Entre cours en visio et stages, les pérégrinations d’une étudiante

Anne-Charlotte, étudiante en médecine

Parole du 18 janvier 2021, mise en texte avec Martine

De mars à juin 2020 en pleine crise sanitaire, j’étais en troisième année de médecine, je n’avais plus de cours, j’étais confinée, chez moi, avec mon conjoint. Les professeurs nous envoyaient les diaporamas correspondant à leur cours en amphithéâtre, sur notre espace de travail virtuel. On a bossé, tout seul à la maison, chacun de notre côté, même si avec mon petit groupe d’amis on s’appelait tous les jours.

On parlait des cours mais surtout du reste, de l’état du covid : « Est-ce qu’on va reprendre les cours ? Est-ce qu’on va avoir des partiels ou pas ? » parce que, comme pour tout le monde, ça n’a pas été facile à vivre. Le programme a été allégé, sur un diaporama il n’y a que le strict minimum. Avec les années supérieures, on s’est organisés pour s’entre-aider, on a partagé nos fiches de révisions. Les profs, eux, étaient sur le front covid. Les conditions faisaient que je n’étais pas hyper concentrée parce que, très paradoxalement, cloîtrée dans mon 35 m² sans jardin, ça n’aide pas. Après m’être levée je bossais les cours au programme de ce jour-là, et, très honnêtement, je pense que j’ai beaucoup allégé la masse de travail par rapport à une journée normale même si, comme il y avait beaucoup de cours, il y avait toujours de quoi travailler entre le diaporama, les supports et les bouquins. Puis pause repas, et les maths pendant deux heures l’après-midi, alors que d’habitude je bosse bien plus que ça. On n’avait pas de devoirs parce qu’en médecine, en 3e année, le tout était d’être prêts pour les partiels de janvier et de juin.

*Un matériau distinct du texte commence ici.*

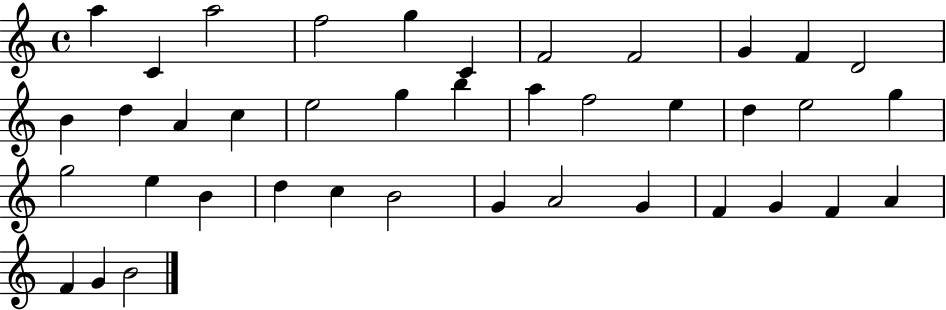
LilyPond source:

{
  \clef treble
  \time 4/4
  \defaultTimeSignature
  \key c \major
  a''4 c'4 a''2 | f''2 g''4 c'4 | f'2 f'2 | g'4 f'4 d'2 | \break b'4 d''4 a'4 c''4 | e''2 g''4 b''4 | a''4 f''2 e''4 | d''4 e''2 g''4 | \break g''2 e''4 b'4 | d''4 c''4 b'2 | g'4 a'2 g'4 | f'4 g'4 f'4 a'4 | \break f'4 g'4 b'2 | \bar "|."
}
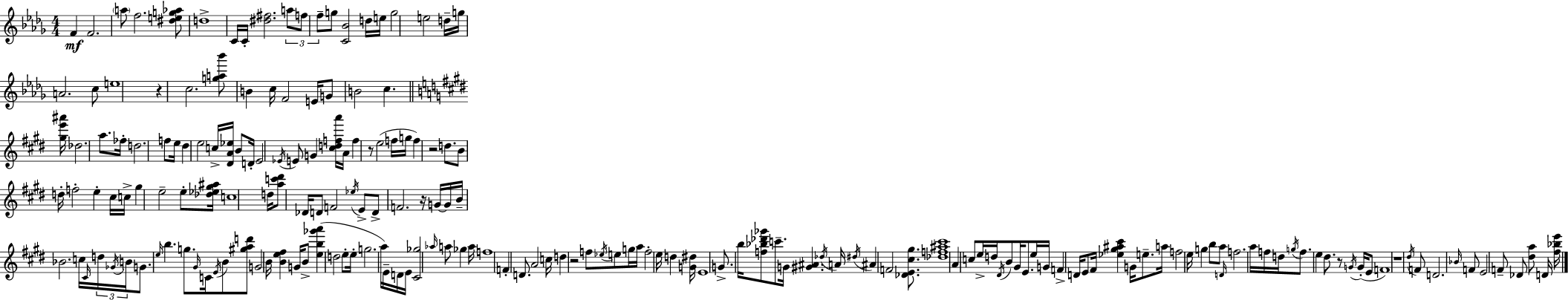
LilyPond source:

{
  \clef treble
  \numericTimeSignature
  \time 4/4
  \key bes \minor
  \repeat volta 2 { f'4\mf f'2. | \parenthesize a''8 f''2. <dis'' e'' g'' aes''>8 | d''1-> | c'16 c'16-. <dis'' fis''>2. \tuplet 3/2 { a''8 | \break f''8 f''8-- } g''8 <c' bes'>2 d''16 e''16 | g''2 e''2 | d''16-- g''16 a'2. c''8 | e''1 | \break r4 c''2. | <g'' a'' bes'''>8 b'4 c''16 f'2 e'16 | g'8 b'2 c''4. | \bar "||" \break \key e \major <gis'' e''' ais'''>16 des''2. a''8. | fes''16-. d''2. f''8 e''16 | dis''4 e''2 c''16-> <dis' a' ees''>16 b'8 | d'16-. e'2 \acciaccatura { ees'16 } e'8 g'4 | \break <cis'' d'' f'' a'''>16 a'16 f''4 r8 e''2( | f''16 g''16 f''4) r2 d''8. | b'8 d''16-. f''2-. e''4-. | cis''16 c''16-> gis''4 e''2-- e''8-. | \break <des'' ees'' gis'' ais''>16 c''1 | d''16 <a'' c''' dis'''>8 des'16 d'8 f'2 \acciaccatura { ees''16 } | e'8-> d'8-> f'2. | r16 g'16~~ g'16 b'16-- bes'2. | \break c''16 \grace { cis'16 } \tuplet 3/2 { d''16 \acciaccatura { ges'16 } b'16 } g'8. \grace { e''16 } b''4. g''8. | \grace { gis'16 } c'16 \acciaccatura { e'16 } b'8 <gis'' a'' d'''>8 g'2 | b'16 <b' e'' fis''>4 g'16 b'8-> <e'' b'' ges''' a'''>4( d''2 | e''8-. e''16-. g''2. | \break a''16) e'16-- d'16 e'16 <cis' ges''>2 | \grace { aes''16 } a''8 ges''4 a''16 f''1 | f'4-. d'8. a'2 | c''16 d''4 r2 | \break f''8 \acciaccatura { ees''16 } e''8 g''16 a''16 f''2-. | e''16 d''4 <g' dis''>16 e'1 | g'8.-> b''16 <f'' bes'' des''' ges'''>8 c'''8.-- | g'16 <gis' ais'>4. \acciaccatura { des''16 } a'16 \acciaccatura { dis''16 } ais'4 | \break f'2 <des' e' cis'' gis''>8. <des'' f'' ais'' cis'''>1 | a'4 c''8 | e''16-> d''16 \acciaccatura { dis'16 } b'8 gis'16 e'8. e''16 g'16 f'4-> | d'16 e'8 fis'16 <ees'' gis'' ais'' cis'''>4 g'16 e''8.-- a''16 f''2 | \break e''16 g''4 b''8 a''8 \grace { d'16 } f''2. | a''16 f''16 d''16 \acciaccatura { g''16 } f''8. | e''4 dis''8. r8 \acciaccatura { g'16 } g'16-.( e'8 f'1) | r1 | \break \acciaccatura { dis''16 } | f'8 d'2. \grace { bes'16 } f'8 | e'2 f'8-- des'8 <dis'' a''>8 d'16 | <fis'' bes'' e'''>16 } \bar "|."
}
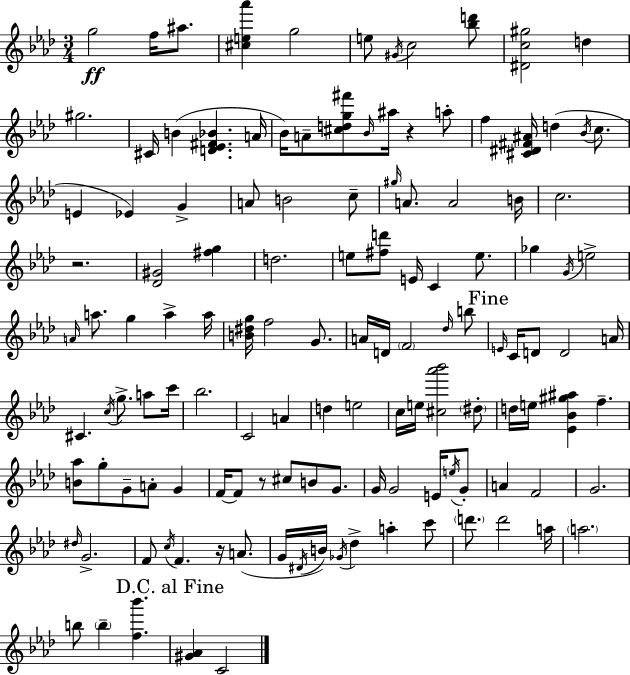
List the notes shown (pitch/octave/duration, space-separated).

G5/h F5/s A#5/e. [C#5,E5,Ab6]/q G5/h E5/e G#4/s C5/h [Bb5,D6]/e [D#4,C5,G#5]/h D5/q G#5/h. C#4/s B4/q [D4,Eb4,F#4,Bb4]/q. A4/s Bb4/s A4/e [C#5,D5,G5,F#6]/e Bb4/s A#5/s R/q A5/e F5/q [C#4,D#4,F#4,A#4]/s D5/q Bb4/s C5/e. E4/q Eb4/q G4/q A4/e B4/h C5/e G#5/s A4/e. A4/h B4/s C5/h. R/h. [Db4,G#4]/h [F#5,G5]/q D5/h. E5/e [F#5,D6]/e E4/s C4/q E5/e. Gb5/q G4/s E5/h A4/s A5/e. G5/q A5/q A5/s [B4,D#5,G5]/s F5/h G4/e. A4/s D4/s F4/h Db5/s B5/e E4/s C4/s D4/e D4/h A4/s C#4/q. C5/s G5/e. A5/e C6/s Bb5/h. C4/h A4/q D5/q E5/h C5/s E5/s [C#5,Ab6,Bb6]/h D#5/e D5/s E5/s [Eb4,Bb4,G#5,A#5]/q F5/q. [B4,Ab5]/e G5/e G4/e A4/e G4/q F4/s F4/e R/e C#5/e B4/e G4/e. G4/s G4/h E4/s E5/s G4/e A4/q F4/h G4/h. D#5/s G4/h. F4/e C5/s F4/q. R/s A4/e. G4/s D#4/s B4/s Gb4/s Db5/q A5/q C6/e D6/e. D6/h A5/s A5/h. B5/e B5/q [F5,Bb6]/q. [G#4,Ab4]/q C4/h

À la rentrée de septembre 2020, les cours n’ont pas repris en présentiel, on s’en doutait. Des groupes de visio ont été mis en place. Je suis maintenant en quatrième année. C’est mieux organisé mais l’enseignement reste compliqué. Tout le monde a essayé d’y mettre du sien. Chaque semaine, je reçois le planning établi à l’avance. Chaque prof fait cours tous les jours dans une salle pendant deux heures devant son écran, filmé par la webcam de son ordinateur et retransmis par Skype. Il parle tout seul, il ne nous voit pas (nous sommes soixante par groupe). Il parle devant un mur. Grâce au chat, on peut échanger. Même pour eux, ce n’est pas vraiment évident ; je pense qu’ils en ont gros sur la patate… On peut voir le diaporama, et le prof dans une toute petite fenêtre, mais ça ne marche pas tout le temps. Comme il y a des profs qui ne savent pas faire, il y a des appariteurs qui gèrent la logistique, mais ils ne peuvent pas être partout quand les profs se plantent ! Au tout début les personnes en fracture numérique avaient le droit d’aller à la fac mais il n’y avait que deux ou trois étudiants qui y allaient, maintenant il n’y en a plus du tout

En langage commun, on dit que je suis en « externat ». Dans la promo nous somme quatre-cent-vingt. De la 4ème à la 6ème année on est externe, puis, après avoir passé le concours en fin de 6ème année, on est interne. Dans ma fac les étudiants de mon année d’étude n’ont pas été envoyés sur le front covid, contrairement à d’autres régions plus touchées, mais nous n’avions pas de stage. 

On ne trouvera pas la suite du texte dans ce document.